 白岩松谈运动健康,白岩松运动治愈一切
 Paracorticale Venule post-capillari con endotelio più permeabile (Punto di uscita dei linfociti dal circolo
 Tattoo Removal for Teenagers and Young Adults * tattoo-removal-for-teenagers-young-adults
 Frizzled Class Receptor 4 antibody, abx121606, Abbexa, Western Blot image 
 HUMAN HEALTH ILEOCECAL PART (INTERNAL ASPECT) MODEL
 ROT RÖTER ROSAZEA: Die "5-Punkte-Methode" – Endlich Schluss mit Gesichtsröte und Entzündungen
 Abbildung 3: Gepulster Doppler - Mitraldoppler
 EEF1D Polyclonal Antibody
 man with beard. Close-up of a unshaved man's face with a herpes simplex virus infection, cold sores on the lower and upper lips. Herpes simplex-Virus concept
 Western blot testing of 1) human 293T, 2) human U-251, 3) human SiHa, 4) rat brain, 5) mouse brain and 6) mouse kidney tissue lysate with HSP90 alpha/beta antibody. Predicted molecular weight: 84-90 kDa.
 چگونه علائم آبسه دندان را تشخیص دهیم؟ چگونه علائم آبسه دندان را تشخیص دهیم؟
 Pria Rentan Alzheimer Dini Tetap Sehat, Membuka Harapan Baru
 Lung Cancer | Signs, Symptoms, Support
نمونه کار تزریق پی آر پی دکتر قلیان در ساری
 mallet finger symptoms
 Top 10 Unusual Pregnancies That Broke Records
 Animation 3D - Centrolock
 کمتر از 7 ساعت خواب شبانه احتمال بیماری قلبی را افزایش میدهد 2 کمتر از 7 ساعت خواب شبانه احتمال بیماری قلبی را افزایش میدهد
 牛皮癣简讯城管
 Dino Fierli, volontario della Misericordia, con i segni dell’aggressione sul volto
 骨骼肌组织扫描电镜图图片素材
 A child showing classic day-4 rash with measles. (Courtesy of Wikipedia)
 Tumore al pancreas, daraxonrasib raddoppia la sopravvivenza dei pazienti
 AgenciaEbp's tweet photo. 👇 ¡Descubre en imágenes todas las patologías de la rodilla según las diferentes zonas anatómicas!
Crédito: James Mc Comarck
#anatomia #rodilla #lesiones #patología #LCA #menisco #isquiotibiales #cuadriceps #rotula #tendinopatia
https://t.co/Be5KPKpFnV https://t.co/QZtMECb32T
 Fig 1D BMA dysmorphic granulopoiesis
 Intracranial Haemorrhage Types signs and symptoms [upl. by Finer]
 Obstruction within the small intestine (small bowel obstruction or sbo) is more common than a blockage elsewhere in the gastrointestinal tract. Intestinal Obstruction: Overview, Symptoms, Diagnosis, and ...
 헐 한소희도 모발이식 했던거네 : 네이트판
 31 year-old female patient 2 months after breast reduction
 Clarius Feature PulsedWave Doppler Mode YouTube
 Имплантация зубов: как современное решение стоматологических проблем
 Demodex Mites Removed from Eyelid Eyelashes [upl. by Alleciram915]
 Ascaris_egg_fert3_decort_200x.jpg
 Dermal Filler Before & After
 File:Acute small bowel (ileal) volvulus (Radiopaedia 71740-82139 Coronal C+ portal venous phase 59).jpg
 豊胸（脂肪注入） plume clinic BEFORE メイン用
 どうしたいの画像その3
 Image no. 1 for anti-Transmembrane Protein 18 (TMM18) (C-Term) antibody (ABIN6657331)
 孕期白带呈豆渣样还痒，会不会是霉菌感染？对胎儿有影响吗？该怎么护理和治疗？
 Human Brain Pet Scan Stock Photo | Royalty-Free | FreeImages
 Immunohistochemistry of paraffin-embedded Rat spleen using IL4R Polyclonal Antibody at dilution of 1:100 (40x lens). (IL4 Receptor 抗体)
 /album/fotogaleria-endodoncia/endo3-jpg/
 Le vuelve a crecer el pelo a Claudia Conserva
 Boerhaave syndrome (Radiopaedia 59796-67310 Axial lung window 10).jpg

> **WORK REQUIRED**:
Only the lines above from the line containing "HUMAN HEALTH ILEOCECAL" through the line containing "Fig 1D BMA dysmorphic granulopoiesis" should be retyped, exactly and with both ends included.

> **FINISHED TASK**:
 HUMAN HEALTH ILEOCECAL PART (INTERNAL ASPECT) MODEL
 ROT RÖTER ROSAZEA: Die "5-Punkte-Methode" – Endlich Schluss mit Gesichtsröte und Entzündungen
 Abbildung 3: Gepulster Doppler - Mitraldoppler
 EEF1D Polyclonal Antibody
 man with beard. Close-up of a unshaved man's face with a herpes simplex virus infection, cold sores on the lower and upper lips. Herpes simplex-Virus concept
 Western blot testing of 1) human 293T, 2) human U-251, 3) human SiHa, 4) rat brain, 5) mouse brain and 6) mouse kidney tissue lysate with HSP90 alpha/beta antibody. Predicted molecular weight: 84-90 kDa.
 چگونه علائم آبسه دندان را تشخیص دهیم؟ چگونه علائم آبسه دندان را تشخیص دهیم؟
 Pria Rentan Alzheimer Dini Tetap Sehat, Membuka Harapan Baru
 Lung Cancer | Signs, Symptoms, Support
نمونه کار تزریق پی آر پی دکتر قلیان در ساری
 mallet finger symptoms
 Top 10 Unusual Pregnancies That Broke Records
 Animation 3D - Centrolock
 کمتر از 7 ساعت خواب شبانه احتمال بیماری قلبی را افزایش میدهد 2 کمتر از 7 ساعت خواب شبانه احتمال بیماری قلبی را افزایش میدهد
 牛皮癣简讯城管
 Dino Fierli, volontario della Misericordia, con i segni dell’aggressione sul volto
 骨骼肌组织扫描电镜图图片素材
 A child showing classic day-4 rash with measles. (Courtesy of Wikipedia)
 Tumore al pancreas, daraxonrasib raddoppia la sopravvivenza dei pazienti
 AgenciaEbp's tweet photo. 👇 ¡Descubre en imágenes todas las patologías de la rodilla según las diferentes zonas anatómicas!
Crédito: James Mc Comarck
#anatomia #rodilla #lesiones #patología #LCA #menisco #isquiotibiales #cuadriceps #rotula #tendinopatia
https://t.co/Be5KPKpFnV https://t.co/QZtMECb32T
 Fig 1D BMA dysmorphic granulopoiesis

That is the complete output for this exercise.